Yeah It’s going to be a small saving everywhere ( doing less work is always better on all platforms ) but understandably its most pronounced on older devices like iPad, iPhone 4, iPod 4 and 3GS where it can make a big difference so I generally try to avoid triangle resubmission at all costs.
Saying that, testing on the actual devices is the only way to know for sure it your code changes are benefiting performance. Whats faster on PC / Mac is not necessarily the same on idevice.
Last time I investigated this, I found double buffering (and just updating meshes in general) caused issues on certain Android HW. Can’t remember what specifically though, it was quite a long time ago. In 2D Toolkit, we don’t update index buffers where it isn’t necessary, and found it did speed things up quite a bit. I’ll have to investigate this again to see where we stand with different hardware configs and the latest Unity.
Edit: I’ve not done much tests on other devices (not much on PC/Mac either), my main target is mobile, and historically this has been mainly iOS devices. I wouldn’t be surprised if the flash and NaCl build have completely different perf characteristics.
It would be good to have some sort of official recommendations and expected behavior from the Unity guys, its not much fun having hacks in for different devices and configs.
I’ve done some tests on iPhone4 (slowest device I’ve got handy), and there results are mixed at best. This was hacked into the current version of 2D Toolkit - I might do some more isolated tests later to confirm these findings.
I already have a Vector3[ ] for mesh position and all other attributes, including indices cached locally.
Updating just the changed triangle data (rather than all attributes and resubmitting tri data), is by far the quickest, but has large performance spikes occasionally.
Double buffered, changing all data with a Mesh.Clear() followed by filling up the new mesh, is significantly slower than the above, taking up a lot more script time, but doesn’t spike as much as 1.
Using arm6 (GLES1.1), spikes when just changing triangle data almost never happens, and seems to be the quickest of the lot.

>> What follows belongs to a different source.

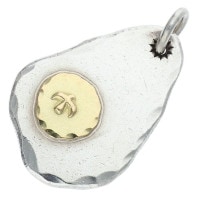 ������� ��᥿���դ����椺��᥿�� �����Ѵ�����ڼ谷�����ɥ���С�Ź��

Double buffering with GLES1.1 doesn’t seem to give any performance gains, but this has similar performance characteristics to 2.
Looks like the best option for GLES2 is the double buffered one, but it’ll need the tri index cacheing code in there for it to be comparable to 1. I suppose one takeaway from this is that resubmitting all attributes and indices is expensive on iOS.
The fact theres such a difference in behaviour between GLES1.1 and GLES2 paths is worrying.
Unikon, any hints for 2Dtk users who have this problem? I’m getting intermittent periods of really high load from CreateVBO, with no particular pattern that I can discern.
Wait a bit if possible, I’m prepping a version which double buffers internally, and does some slightly more intelligent resubmitting to avoid the situation described above, and generally reduce the number of CPU branches in there. If you have very few animated sprites, I have that naive version described above which does away with almost all the CreateVBO overhead at the cost of updating mesh data - it only becomes significant with large numbers of animated sprite (around 135 in my case). Send me a PM/support email if you’d like to try it out.
Well that’s one of the mysteries answered for iOS: why has 1.1 always been faster than 2.0. However on droid, it’s looking like 2.0 is faster. So you’re looking for unity to solve this rather than workarounds. I don’t see why this is our problem to solve. Hopefully as unity know about it, there will be good progress on that front.
Oh, I was wrong. Yesterday I did a fast test and it seemed to work but today I have made the real test and I have checked that it has not been fixed. On iPad 1 Mesh.CreateVBO takes 39-42 ms each frame and it drops the FPS from 30 to 15.
How does it look when you test it on a device that is not underspeced on RAM and GPU like the iPad1 / iTouch4? Is it equally bad on the 3GS devices or 4S / iPad2 generations?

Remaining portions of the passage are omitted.